ANTONIO BURGOS | EL RECUADRO


Una Guía de Sinvergüenzas

La historia es como sigue: en un pueblo andaluz de cuyo nombre no debo acordarme había desde ha mucho tiempo una floreciente industria montada por unos señores del lugar, que metiéndose a lo que ahora llaman emprendedores y arriesgaron su dinerito para montar una fuente de creación de riqueza que no fuera el campo, redimiendo a muchos lugareños de la sopa boba del PER. La industria tuvo florecientes tiempos, y amplió sus instalaciones y sus ventas, hasta que vinieron los primeros albores de la crisis. Los pedidos no llegaban, la producción se resentía y, con ella, la seguridad de los puestos de trabajo que se habían creado. Pues lo poco que se ingresaba en caja con las paulatinamente decrecientes ventas ni llegaba para pagar los sueldos y la Seguridad Social.

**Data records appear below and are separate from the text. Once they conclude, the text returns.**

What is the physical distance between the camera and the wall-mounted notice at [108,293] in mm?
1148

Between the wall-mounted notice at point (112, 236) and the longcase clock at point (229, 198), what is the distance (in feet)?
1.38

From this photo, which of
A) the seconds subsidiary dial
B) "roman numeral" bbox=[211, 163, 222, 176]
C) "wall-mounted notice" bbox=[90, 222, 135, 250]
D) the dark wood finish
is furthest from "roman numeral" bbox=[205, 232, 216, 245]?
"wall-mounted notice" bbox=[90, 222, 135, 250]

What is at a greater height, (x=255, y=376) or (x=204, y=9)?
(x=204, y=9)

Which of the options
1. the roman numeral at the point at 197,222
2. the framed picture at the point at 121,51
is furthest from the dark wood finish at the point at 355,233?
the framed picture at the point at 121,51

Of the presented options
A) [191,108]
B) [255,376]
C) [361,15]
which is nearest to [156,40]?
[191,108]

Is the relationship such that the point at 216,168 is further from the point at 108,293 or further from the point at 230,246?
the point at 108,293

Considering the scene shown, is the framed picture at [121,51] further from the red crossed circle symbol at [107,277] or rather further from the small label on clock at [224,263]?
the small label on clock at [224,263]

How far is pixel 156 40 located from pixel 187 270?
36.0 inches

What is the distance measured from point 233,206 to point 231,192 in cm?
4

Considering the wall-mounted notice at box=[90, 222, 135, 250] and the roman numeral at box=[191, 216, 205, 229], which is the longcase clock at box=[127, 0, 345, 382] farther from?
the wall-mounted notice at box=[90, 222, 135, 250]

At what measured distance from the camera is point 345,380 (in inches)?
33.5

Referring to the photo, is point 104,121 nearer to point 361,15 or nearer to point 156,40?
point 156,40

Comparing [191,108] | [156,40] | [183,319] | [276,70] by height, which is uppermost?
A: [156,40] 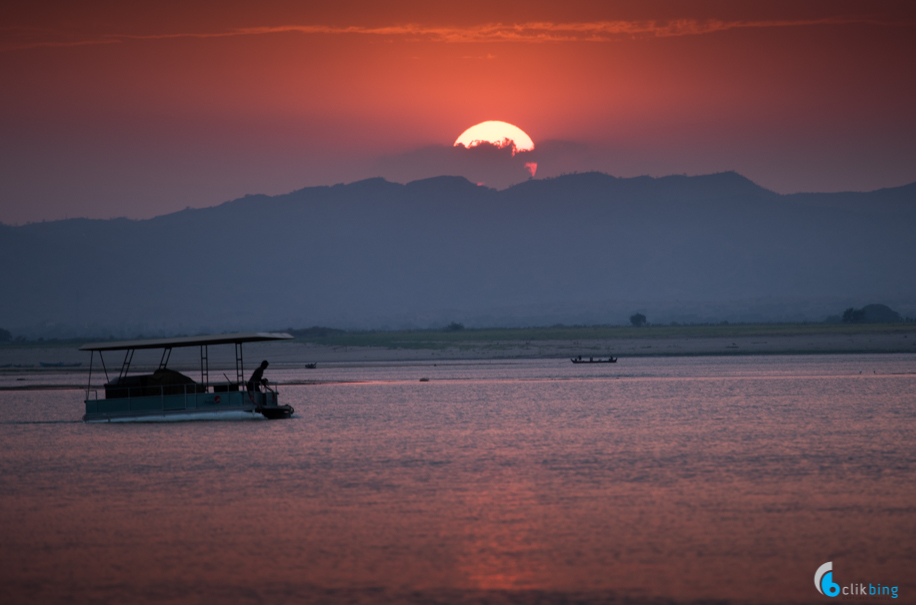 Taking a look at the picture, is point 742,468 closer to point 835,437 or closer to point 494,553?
point 835,437

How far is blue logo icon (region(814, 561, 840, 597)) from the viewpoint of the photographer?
1501 centimetres

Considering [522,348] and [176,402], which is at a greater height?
[522,348]

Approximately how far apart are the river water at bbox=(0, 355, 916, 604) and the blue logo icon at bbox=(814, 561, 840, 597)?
0.14 m

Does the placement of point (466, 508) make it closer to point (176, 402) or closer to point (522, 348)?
point (176, 402)

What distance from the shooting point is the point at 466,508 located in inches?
863

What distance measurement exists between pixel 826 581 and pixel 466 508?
876 centimetres

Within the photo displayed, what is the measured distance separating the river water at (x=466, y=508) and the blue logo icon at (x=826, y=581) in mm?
139

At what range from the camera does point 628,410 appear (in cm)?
4869

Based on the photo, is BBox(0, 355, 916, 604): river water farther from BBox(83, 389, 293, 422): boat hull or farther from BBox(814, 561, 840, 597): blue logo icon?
BBox(83, 389, 293, 422): boat hull

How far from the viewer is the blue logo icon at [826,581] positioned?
49.2ft

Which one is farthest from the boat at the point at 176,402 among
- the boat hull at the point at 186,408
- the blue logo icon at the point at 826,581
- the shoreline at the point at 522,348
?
the shoreline at the point at 522,348

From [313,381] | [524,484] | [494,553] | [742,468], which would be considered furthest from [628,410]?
[313,381]

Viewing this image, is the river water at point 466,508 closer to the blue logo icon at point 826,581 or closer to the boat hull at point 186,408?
the blue logo icon at point 826,581

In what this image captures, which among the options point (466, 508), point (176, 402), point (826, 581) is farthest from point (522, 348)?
point (826, 581) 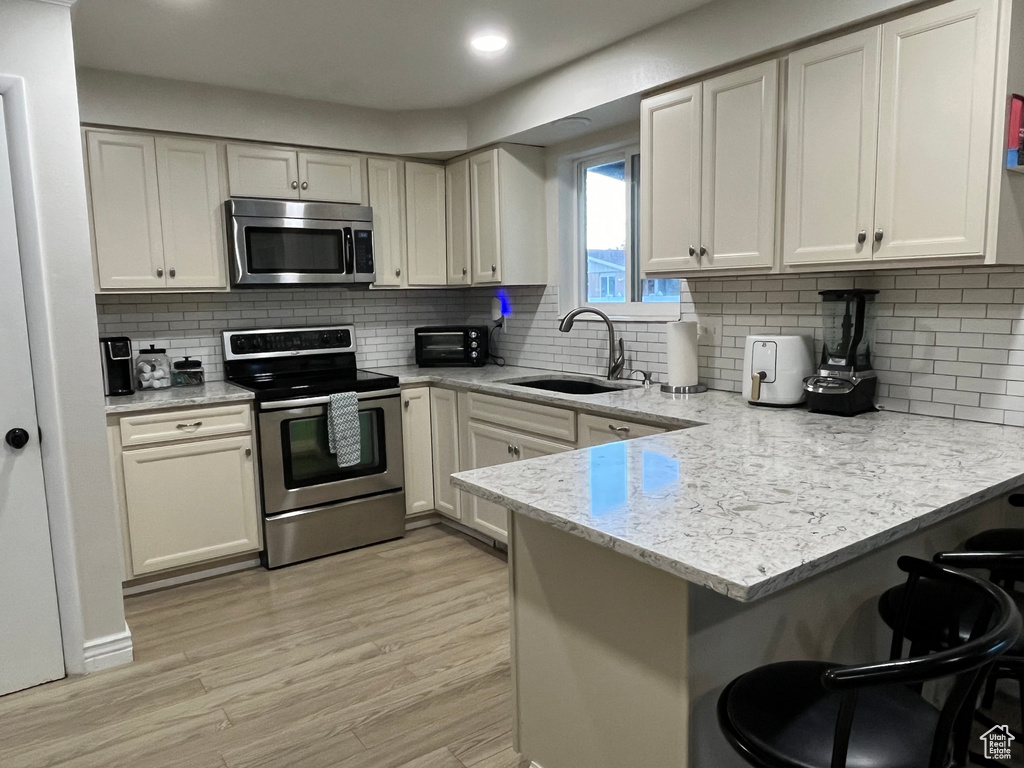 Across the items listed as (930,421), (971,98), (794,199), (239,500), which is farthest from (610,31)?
(239,500)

Pensaron entonces los gestores en presentar lo que por aquellas calendas de los comienzos de la crisis se estilaba: un expediente de regulación de empleo, alias ERE, aunque fuera temporal. Creían que aliviando los gastos laborales de parte del personal la industria podía salvarse y, con ella, la mayoría de los puestos de trabajo. Y encaminaron sus pasos a un bufete de abogados de campanillas, de los que en el nombre se ponen una «&» como si fueran Andy & Lucas, pero por lo Civil, por lo Mercantil y por lo Laboral. Plantearon a tan prestigiosos letrados la substanciación del ERE y, previa morterada de provisión de fondos y diversos mareos de la perdiz, al cabo de los meses, cuando el agua les llegaba ya mucho más arriba del cuello, les dijeron que la regulación de empleo ni se podía plantear a la autoridad, y que vistas las cuentas de la sociedad, mejor era ir directamente a concurso de acreedores. A lo que fueron, produciéndose al poco, con inusitada velocidad por parte de la asistencia letrada, el referido concurso, esto es, la suspensión de pagos, el barquinazo, el chirrín chirrán de la industria y la pérdida del capital y de los puestos de trabajo. Entregaron las llaves a un administrador judicial, y poco más supieron. Hasta que por terceras personas se enteraron que el administrador judicial había adjudicado la industria en pública subasta a un postor de 300.000 cochinos euros, por los que se quedó con ella y con sus solares. Y de lo pagado por la subasta, no hubo ni un duro para abonar salarios atrasados a los trabajadores, nada: todos fueron para costas judiciales y minutas de abogados.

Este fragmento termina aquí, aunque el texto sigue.